Input material:

____________

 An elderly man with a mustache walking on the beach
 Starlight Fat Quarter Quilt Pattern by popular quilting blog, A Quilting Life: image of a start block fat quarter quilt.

____________

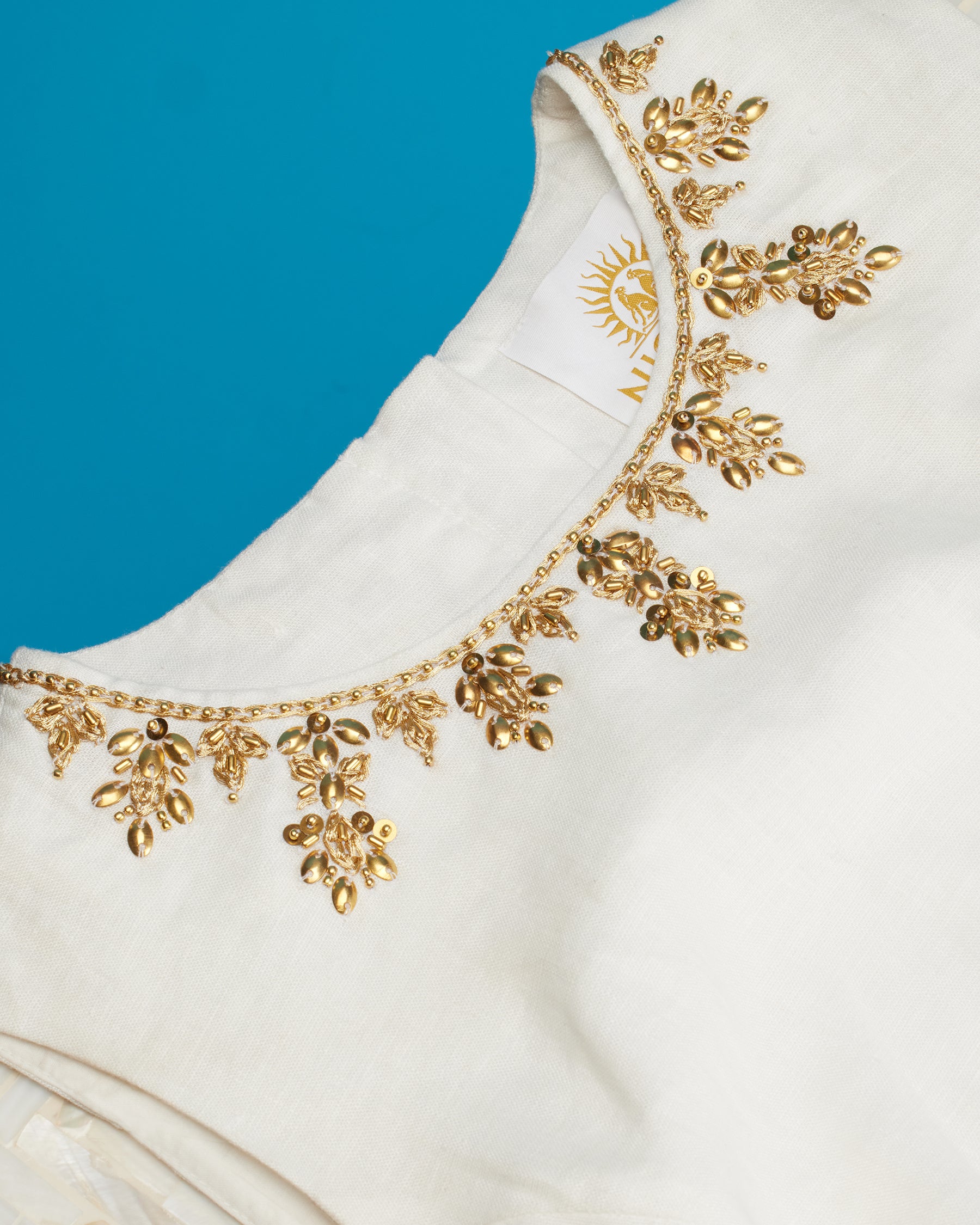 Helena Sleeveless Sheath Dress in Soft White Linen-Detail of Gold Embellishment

____________

What needs to be done: Reproduce the lines of the entries above from the one with "An elderly man" to the one with "Starlight Fat Quarter", both included, exactly and without any other line.

Answer section:
 An elderly man with a mustache walking on the beach
 Starlight Fat Quarter Quilt Pattern by popular quilting blog, A Quilting Life: image of a start block fat quarter quilt.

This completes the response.